Heart pounding and throat tightening, Rama had the urge to retreat. Rita Farr was an actress. Was this an act? It didn’t seem to be.
“If you hurt Larry, I will kill you,” she said directly. Then, she smiled sweetly and patted his arm. “Enjoy your tour. I trust Keeg will keep an eye on his daddy.”
“I would never—”
“But if you did. You’re perfectly welcome here. You may stay with us as long as you need, and we’ll help you with your little… problem. As much as we can. But… if you did…”
Rama nodded slowly. “It’s good that Larry has such devoted friends.”
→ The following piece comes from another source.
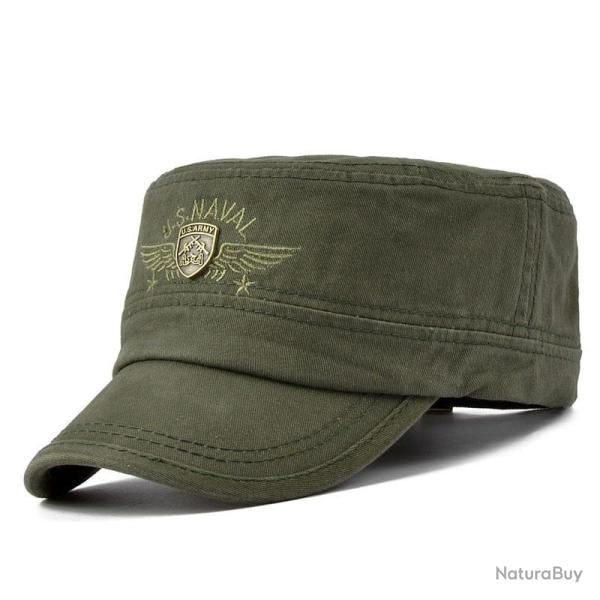 Casquette US Naval Gorras TFS - Vert arm�e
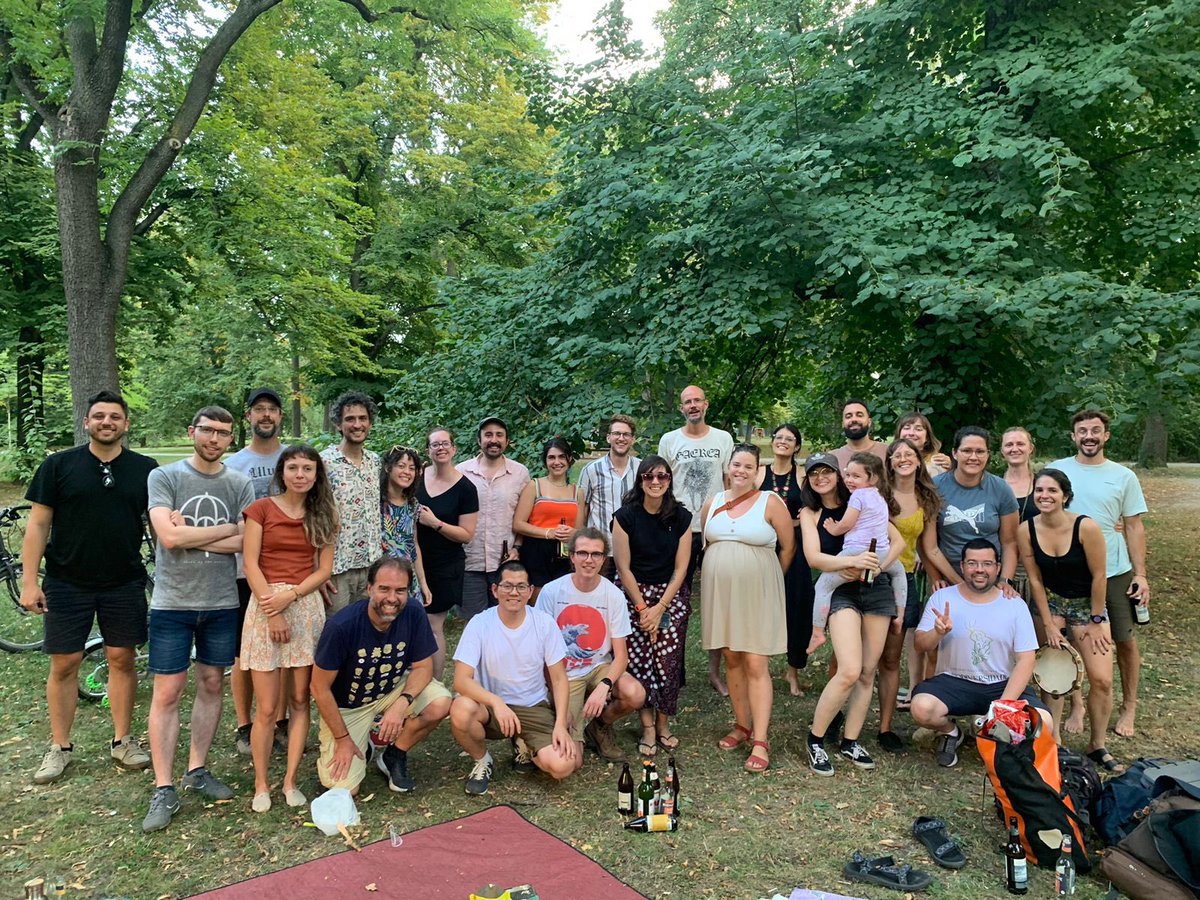 After nearly four years in <a href="/Jon_Chase03/">Jonathan Chase</a> group at iDiv, I will be returning to China today to start a professorship at the Institute of Botany, CAS. Many thanks to Jon and all people helped me! Thank you very much!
“If this works out, I’ll be deeply grateful as well.” Her voice grew softer, and she blinked quickly, looking away.
This crowd could be very intense.
Rama returned to the stairway still processing that conversation. He didn’t want to bring it up to Larry. However, if Rita were being level with him, well… a vague disclaimer was no one’s friend. At least she was honest.
Rama spotted Larry standing there, his fingers touching the middle of his chest gently as he spoke to Keeg. There was no going back. Not even if Rama had wanted to.
“Hey there,” Larry said pleasantly.
“Right then. You were going to give me a tour?”